#### [Task directions]
Please write out every record exactly, but keep any images out of it.

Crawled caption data
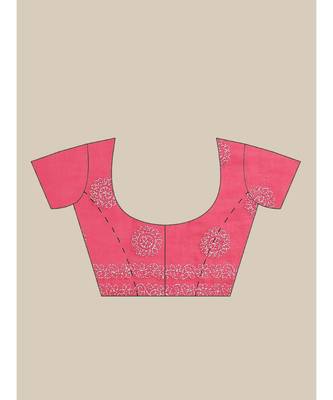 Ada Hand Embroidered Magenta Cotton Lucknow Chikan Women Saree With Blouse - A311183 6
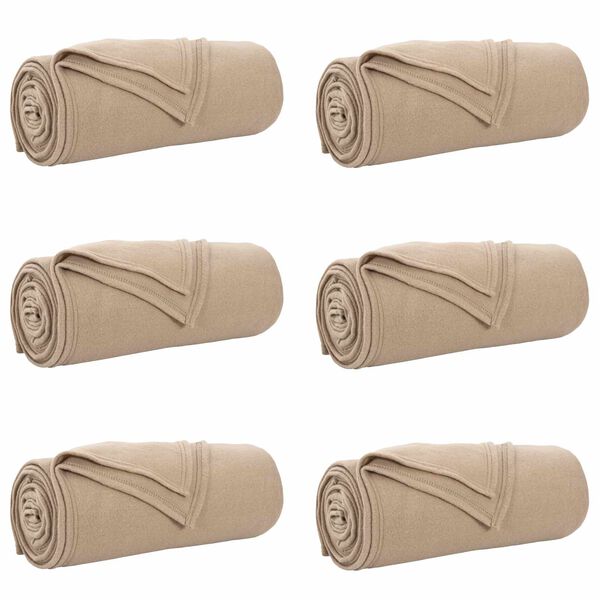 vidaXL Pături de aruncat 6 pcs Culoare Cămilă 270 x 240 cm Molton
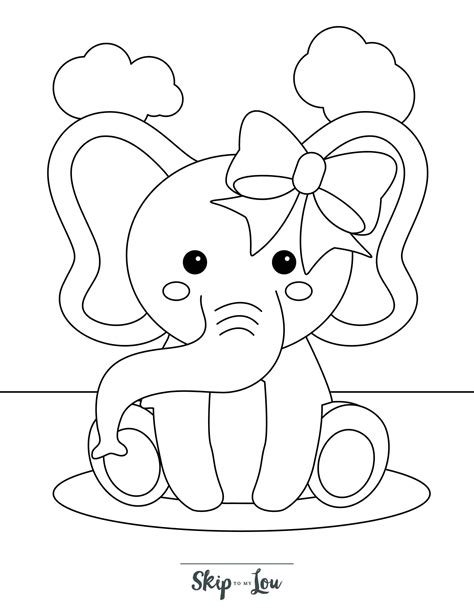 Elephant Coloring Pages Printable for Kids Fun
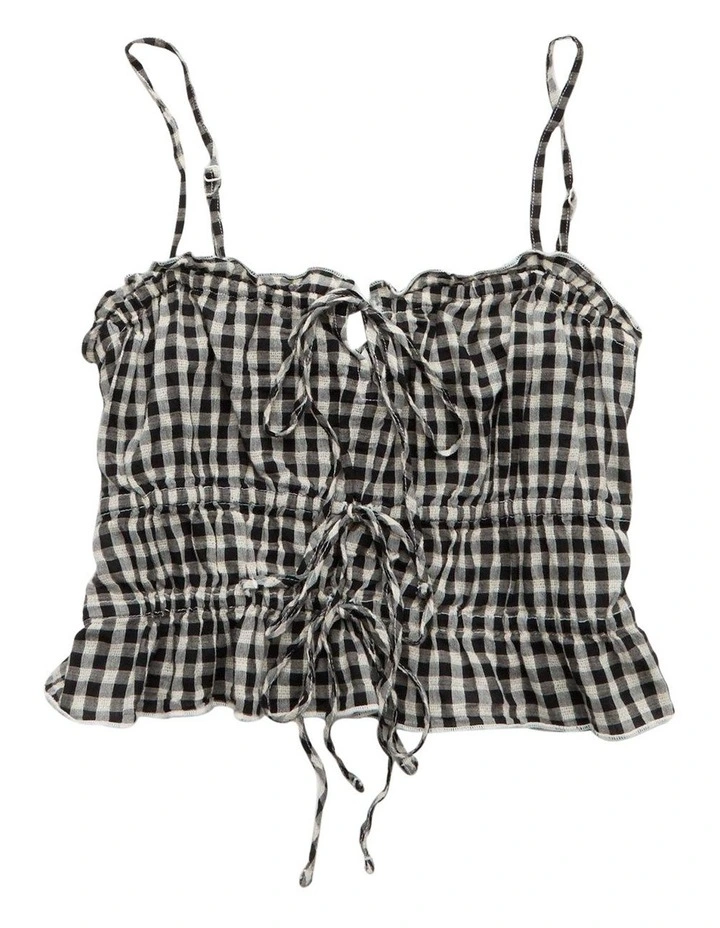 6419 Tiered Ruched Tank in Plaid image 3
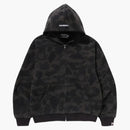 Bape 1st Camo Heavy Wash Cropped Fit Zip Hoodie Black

#### [Exercise output]
 Ada Hand Embroidered Magenta Cotton Lucknow Chikan Women Saree With Blouse - A311183 6
 vidaXL Pături de aruncat 6 pcs Culoare Cămilă 270 x 240 cm Molton
 Elephant Coloring Pages Printable for Kids Fun
 6419 Tiered Ruched Tank in Plaid image 3
 Bape 1st Camo Heavy Wash Cropped Fit Zip Hoodie Black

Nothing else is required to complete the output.